Well i am going to be working with a 20 gallon high. So i am thinking that they will have a MUCH better chance of surviving and reproducing.


----------



## TheOldSalt (Jan 28, 2005)

Hmmm.. I think my new tank could definitely use a few shrimp.


----------



## big b (Aug 17, 2014)

any pics of this new tank?


----------



## emc7 (Jul 23, 2005)

I wanna see pic of your tank too EW


----------



## TheOldSalt (Jan 28, 2005)

Here it is. The plants are getting out of control, so I'm setting up another one to transfer a few. I'm happy that my _Aponogetons_ are flowering and making new plants like crazy without falling back, but they're taking over the place! The little dwarf lily plants aren't so little, either.
The next tank is being set up to house my American-Flag Fish which seem to want to spawn.
I also picked up two (2) 40-Breeders at Petco today!
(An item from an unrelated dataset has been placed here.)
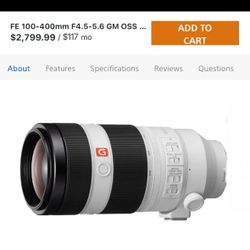 Sony FE 100–400mm f/4.5–5.6 GM OSS lens (Sony G Master series)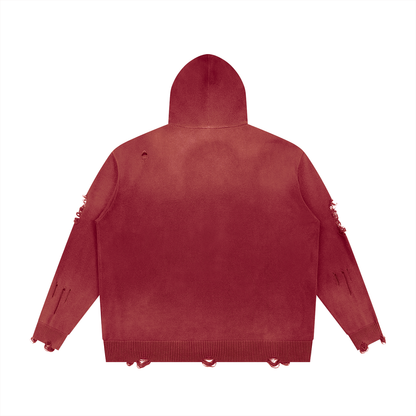 Unisex Distressed Full Zip Hoodie in red, alternate angle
Whoot! I do love the $1/gallon sale. One of those is going to be a reef tank, but the other will be for Rainbow Shiners. I already have a bunch of Sterilite tubs, and those will be a whole Rainbow hatchery soon.


----------



## TheOldSalt (Jan 28, 2005)

Here's an updated photo of my tank after letting my family take care of it while I've been gone all week: ( I'm a travelling salesman these days )
LOL. It's hard being the only fish person in the house sometimes.


----------



## emc7 (Jul 23, 2005)

lol, well give it all a good trim/thinning and come to atl on the 19th and let plants buy your gas


----------



## big b (Aug 17, 2014)

hmm....what size tank is this?


----------



## TheOldSalt (Jan 28, 2005)

20 gallon long


----------